Still, the Karpinskis kindled a passion for gathering around a fire as a family, which sparked an idea when they built a new home in South Burlington last year. "We always wanted some sort of fire element," says dad Erik, "and we'd never had a fire pit before."
It was challenging to find one long stone slab to serve as a backdrop, so landscape architect Keith Wagner pieced together two chunks of dense schist that he got from a quarry in southern Vermont. He devised a clever way to hold them together and keep the pit looking pretty — a zipper of metal bolts running up the back. A flat piece of cold-rolled steel is affixed to the stone, with five metal fingers jutting out to hold the wood.
"When people come over, they joke that it's a floating fireplace," says Erik of the 16-inch gap between the bottom of the stone slab and the ground. "We use the fire pit most in the fall: It's entertaining; it's time with the kids."
Adds mom Jennifer, "It's a space to gather with no technology — we just sit."
The Karpinski kids are especially pleased with the end product. Three-month-old Kassidy stays snug in her pajamas on gray couches set around the space, while Dylan, 8, loves the warmth at nighttime. Meanwhile, 6-year-old Morgan doesn't miss a beat when asked her favorite aspect of the fire pit. "Sometimes," she says, "we have s'mores."
(From Keith Wagner of Wagner Hodgson Landscape Architecture)
Some stones can be damaged by the heat of a fire. Consult someone who knows what works for a fire pit.

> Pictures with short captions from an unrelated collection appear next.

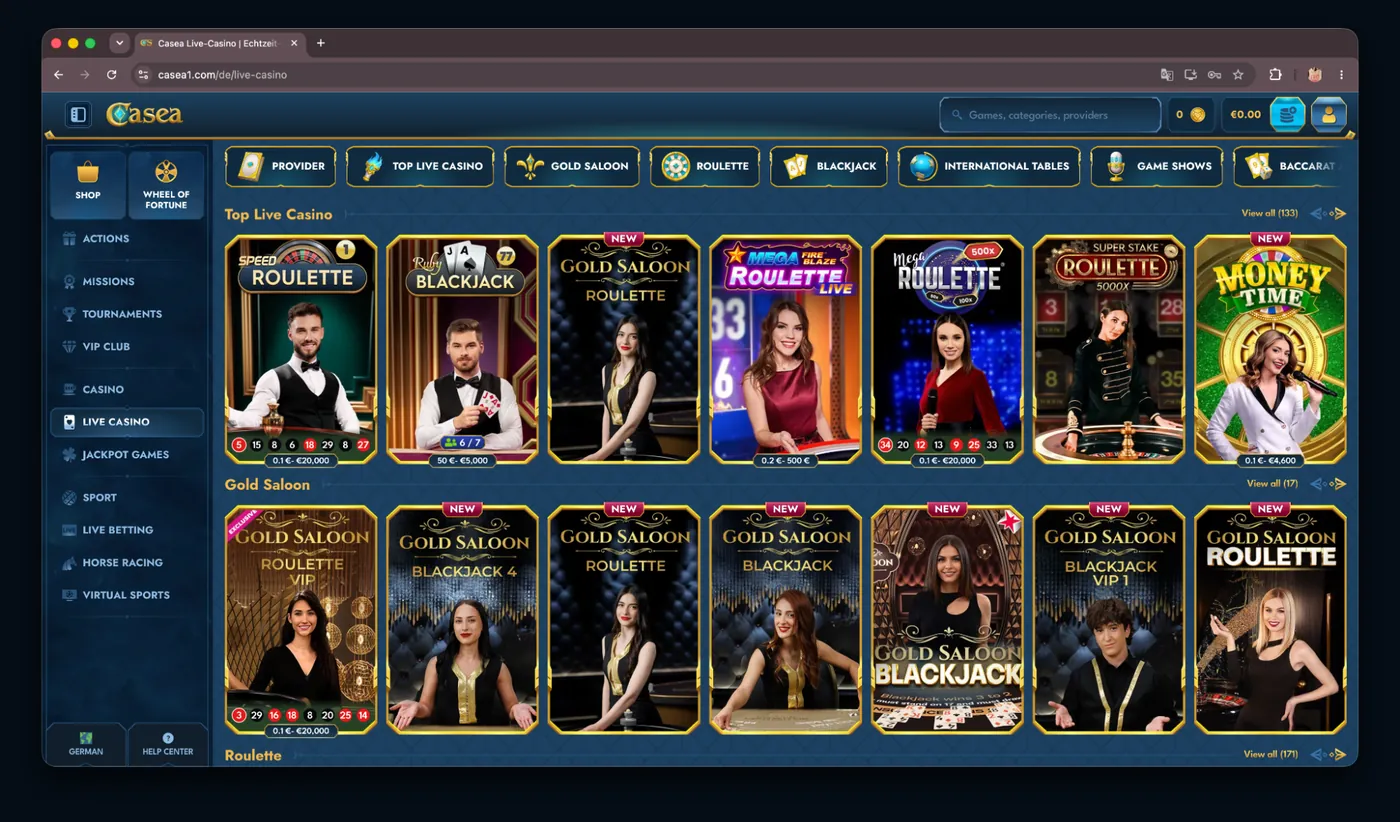 casino casea live casino und game shows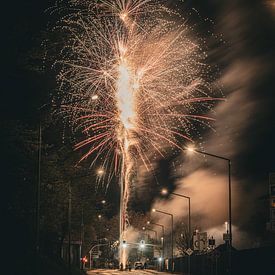 Fireworks over the street at night by Foto Oger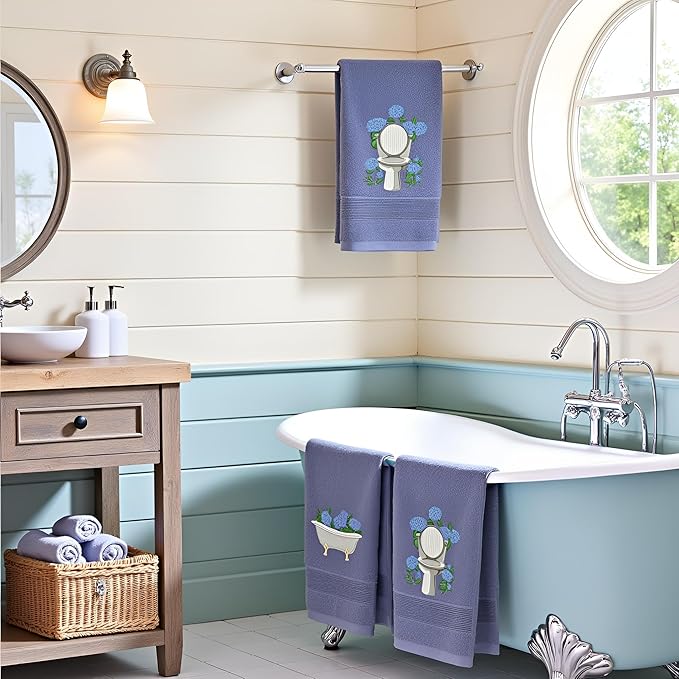 2pcs Blue Hydrangea Hand Towels for Bathroom Decorative Towels Set 100% Cotton cute Embroidered Spring summer floral bath towels dish kitchen towels Farmhouse Bathroom Decor Gift (Blue Hydrangea)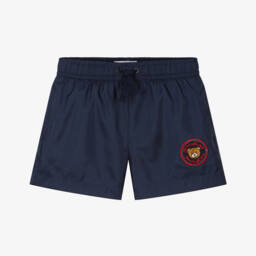 Moschino-Boys Navy Blue Logo Badge Swim Shorts | Childrensalon Outlet
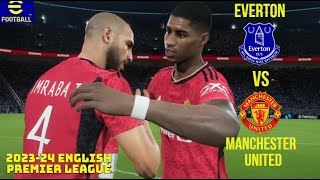eFootball 2024. Ultra Realistic Graphics. Everton-Manchester United. English Premier League.
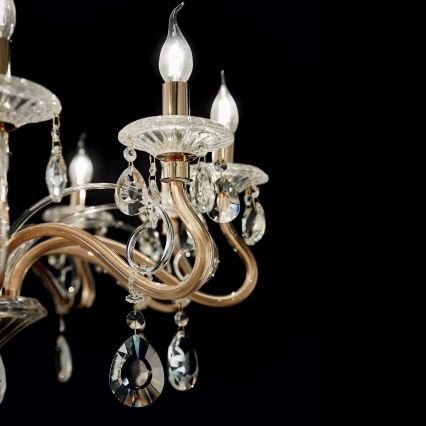 Ideal Lux - Хрустальная люстра на цепи NEGRESCO 10xE14/28W/230V диаметр 85 см золотистый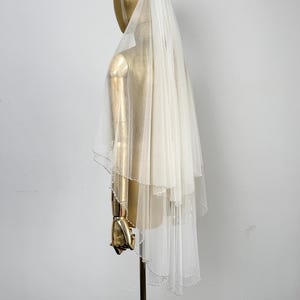 Pearl Beaded Bridal Veil,Two Tier Beaded Veil,Blusher Cathedral Veil,Beaded Wedding Veil,Veil With Comb,Fingertip Veil,Modern Wedding Veil,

If the fire pit is in the ground, be sure to have a drain and ventilating slats for the fire to burn properly.
Consider the predominant wind direction when planning the site of the fire pit.
Don't make the pit too large, which might cause you to overfill it with wood and create a fire that is dangerously big.
Locate wood fire pits at least 18 to 20 feet away from a house. (For a gas fire pit, the distance isn't a concern, as there's no smoke or sparks.)